Lucy Ives, Orange Roses



The first sentence is a sentence about writing. The second sentence tells you it’s alright to lose interest. (“Early Poem”)

According to the press release that comes with New York City poet Lucy Ives’ Orange Roses (Boise ID: Ahsahta Press, 2013), her poetry collection was “written over a 10-year timeframe, [and] enacts a poet’s development: the process of her discovering what a poem might be.” Given that the collection was composed over such a long period, the book holds together remarkably well, constructed out of lyric disjunctives, stretched-out fragments and extended sequences. The poems that make up Orange Roses are composed in a range of styles: from notebook entries, long and lyric prose pieces, hard-cut sentences and poems written with lines condensed nearly to point form. What makes, in part, the book hold together is in the idea that this, as a first collection composed over a decade, is less any sort of coherent collection via style or specific subject matter than it is a portrait of a particular period of time in the author’s life. Given the age of the author (she was born in 1980), this period constitutes a significant percentage of her life so far. As she writes in the poem “Early Novel”: “in the economy of appearance / for so many hundreds here // to enter yet / control // just now / your partnership // I love you, giving up / love you, passing in,” and further:





don’t we just want to climb
back in our bed

sleep, exchange
imperial, the perfect

rose, nothing
no one’s

Ives’ appears to favour longer stretches of the poem, and the book contains only thirteen poems, ranging from the short, single poem to the longer sequence to the sequence as accumulation of shorter fragments. These are poems one doesn’t read quickly, but enters slowly and resides within for a while. One particularly entrancing piece is the extended “Early Poem,” constructed out of a series of one hundred sentences that powerfully push the boundaries of what is lyrically possible through what can be described in parts as refrain, an essay on the nature of writing sentences, and as a kind of narrative assault. The poem pushes beyond what you might have expected into magnificent territories. The poem begins:

The first sentence is a sentence about writing. The second sentence tells you it’s alright to lose interest. You might be one of those people who sits back in his or her chair without interest, and this would have been the third sentence you would have read. The fourth sentence, what does that say, that says something about how I genuinely feel, even if it no longer matters how I genuinely feel, that has not even become the topic of another book. The fifth sentence says that that was left by the wayside because it was such a variable thing. that’s what the sixth sentence said, and says, that it sits there still, varying, changing its colors, etc., the army of ancient Rome marches by, they think it is some sort of tomb and display their eagle insignia. The seventh sentence ill conceals its surprise that I should have tried to make it all look so far away. […]

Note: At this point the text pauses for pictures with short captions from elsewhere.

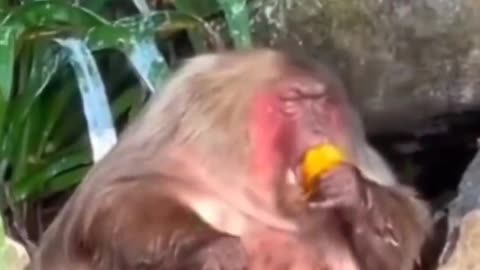 Funny Animals: Monkey is Out of Control #funny,#funnyanimals,#funnyvideos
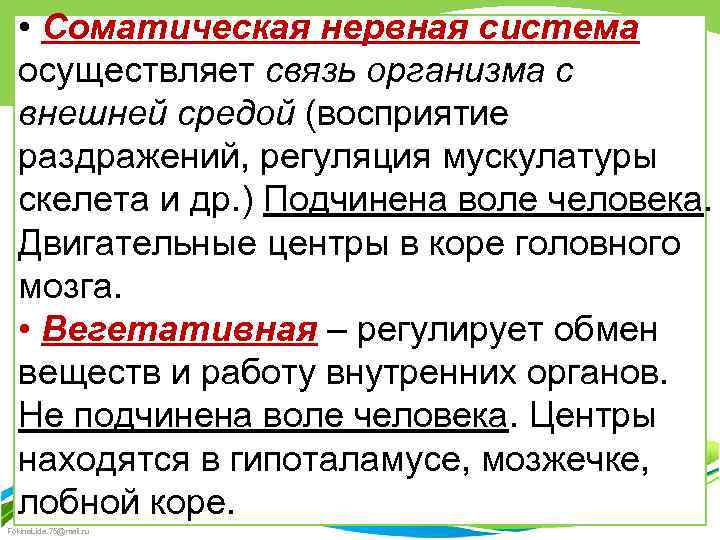  • Соматическая нервная система осуществляет связь организма с внешней средой (восприятие раздражений, регуляция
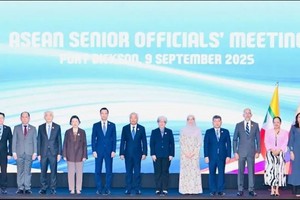 与会代表合影。图自越通社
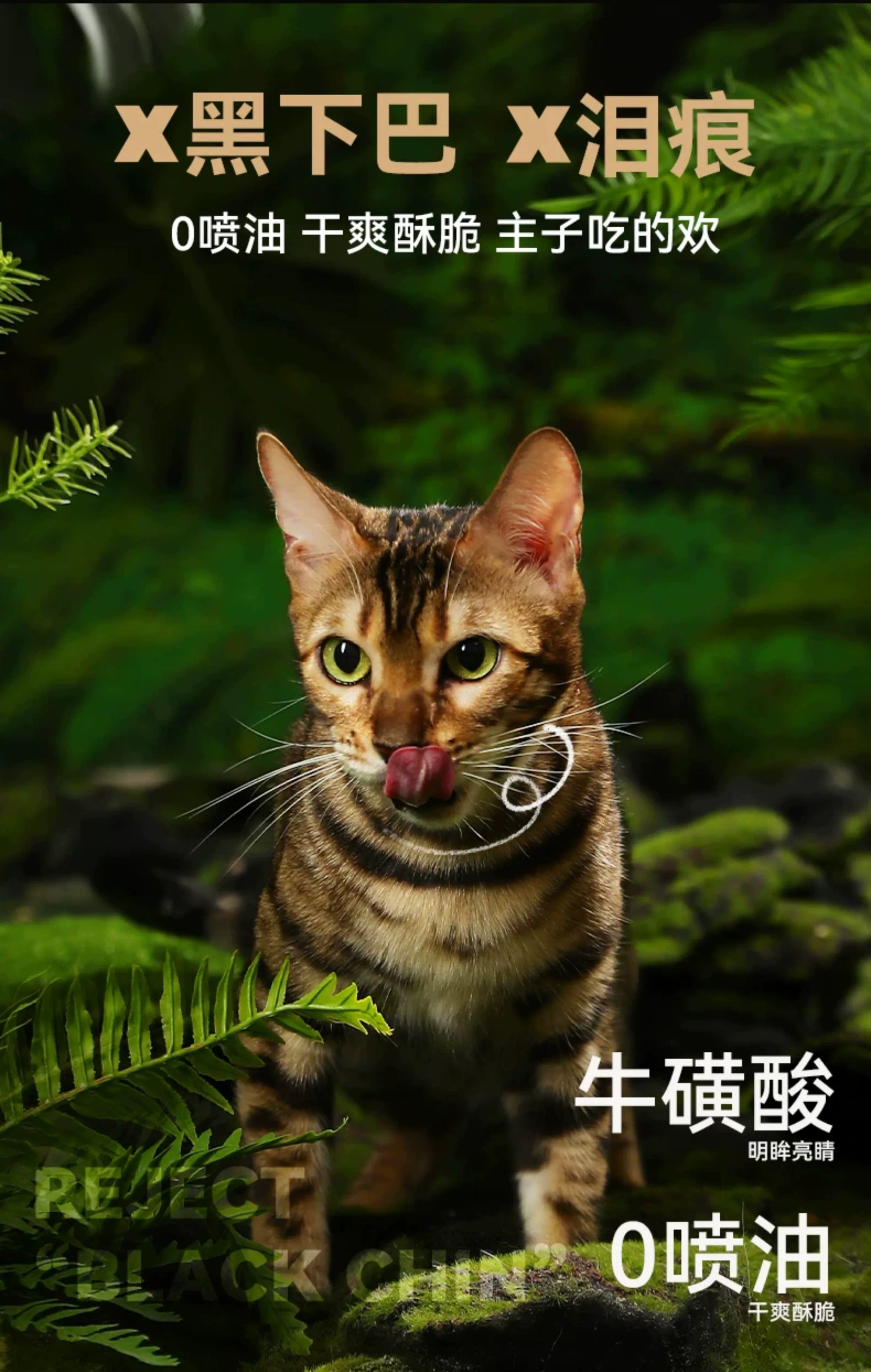 朗仕低温烘焙猫粮成幼猫粮试吃鲜肉烘培冻干布偶猫咪专用全价无谷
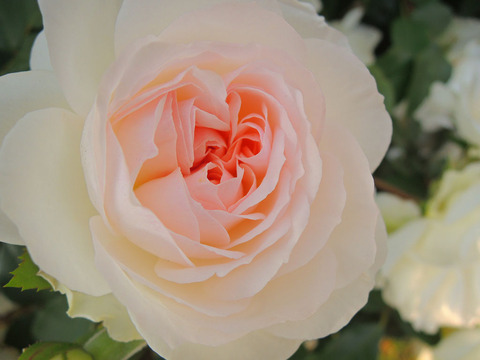 ステファニー　グッテンベルク2241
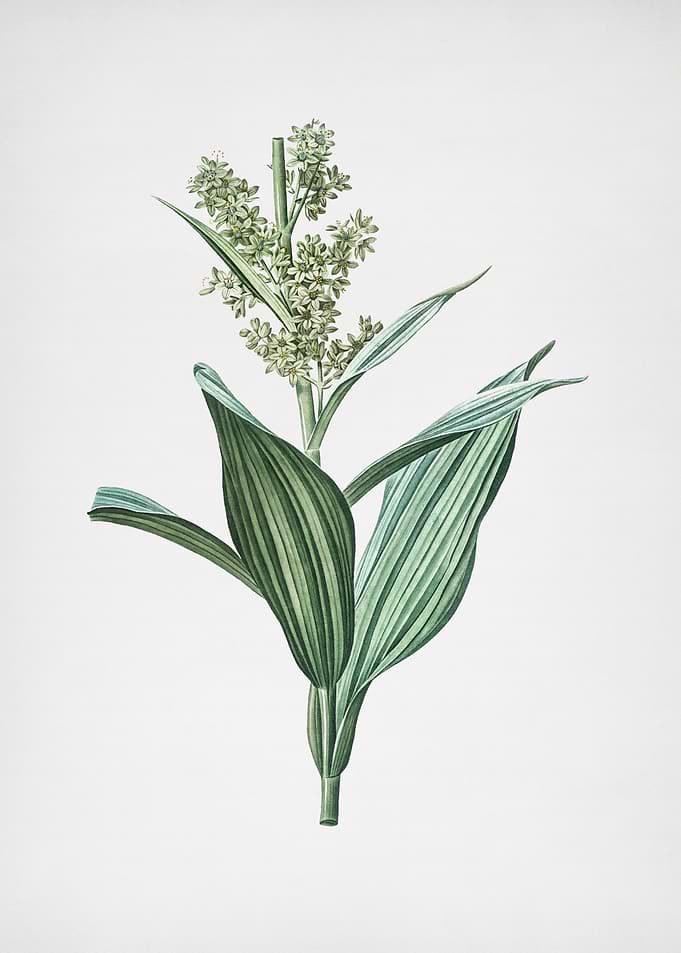 False Helleborine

The penultimate poem in the collection, “On Imitation,” is a lovely lyric essay that includes photographs, akin to works by Juliana Spahr. It is as though the book as a whole is a discovery into the possibilities of the poem, and in the conversations into those possibilities. The essay/poem begins:

My understanding of writing was for a while informed by an idea about insufficiency I got from America. Take images and compare them to words: Words suffer. Consider the naturalness of the photograph, its informative, absorbing detail. It is even possible that the photographic image resembles nature most on purely analogical grounds, since nature is often understood to have no insufficiency in its “bounty.”
            But here I only hint at what I take to be some of my earlier errors.

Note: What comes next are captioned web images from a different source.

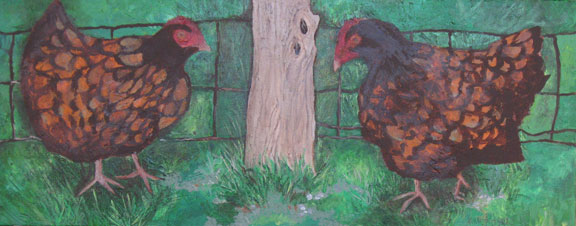 wp-hebrideanchickens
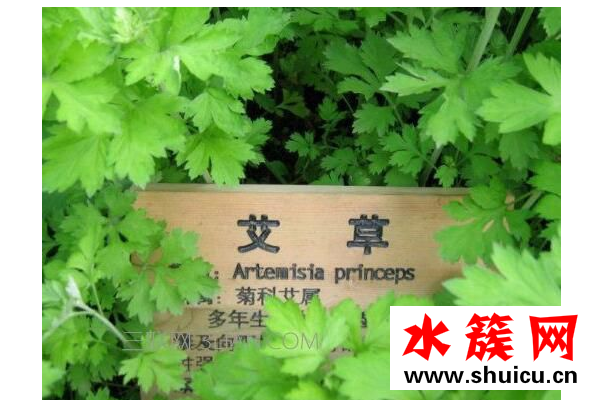 干艾草泡腳有什么作用？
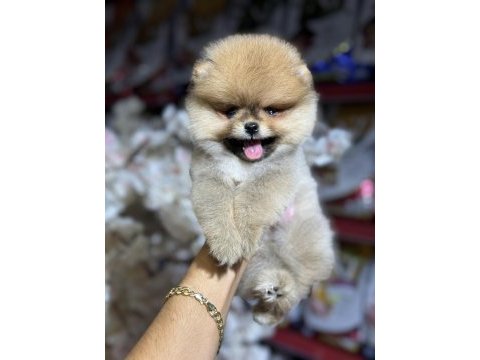 Federasyon kayıtlı pomeranian bebekler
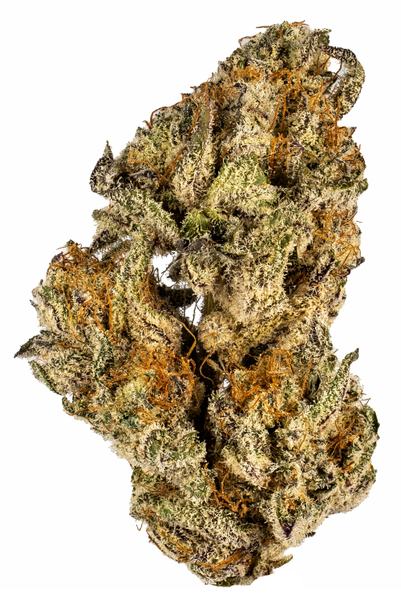 Oregon Raspberry - Hybrid Cannabis Strain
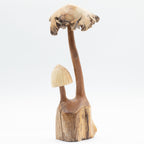 Hand-Carved Wooden Mushrooms on Parasite Wood Base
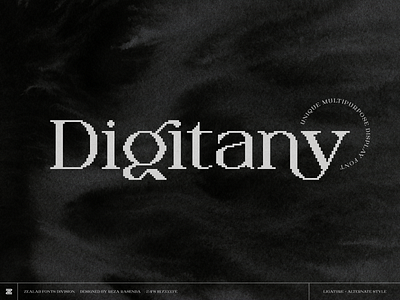 Digitany Serif-Bitmap display font clever display font flat font logo logo designs shoots simple simple designs type typogaphy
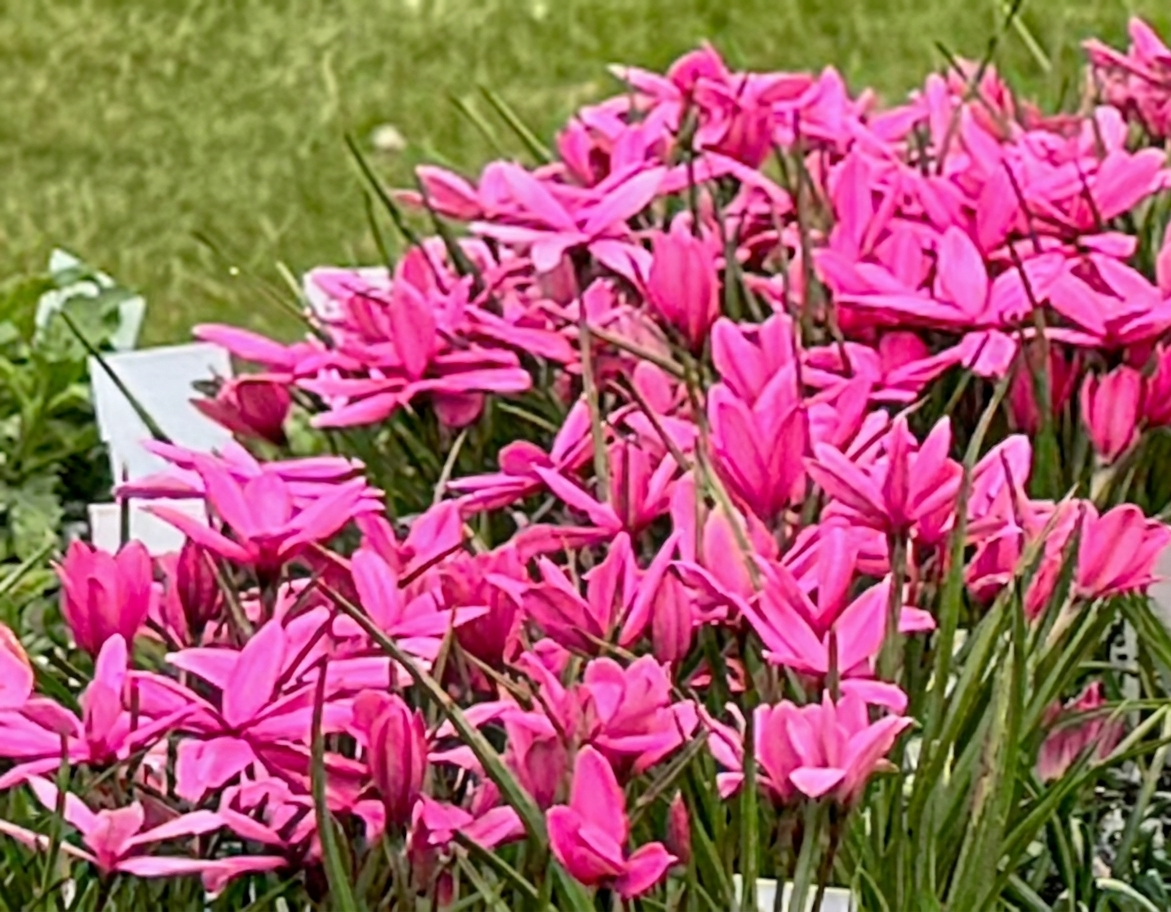 Rhodohypoxis 'Top Sally'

The process of any writer “discovering what a poem might be” is certainly an essential part of emerging as a writer, and an essential ongoing exploration that should really exist throughout a poet’s entire writing life. Ives’ Orange Roses really is a stunning and breathtaking collection, and rewards with every reading. I can only hope that this conversation Ives has begun becomes one that continues for quite a long time.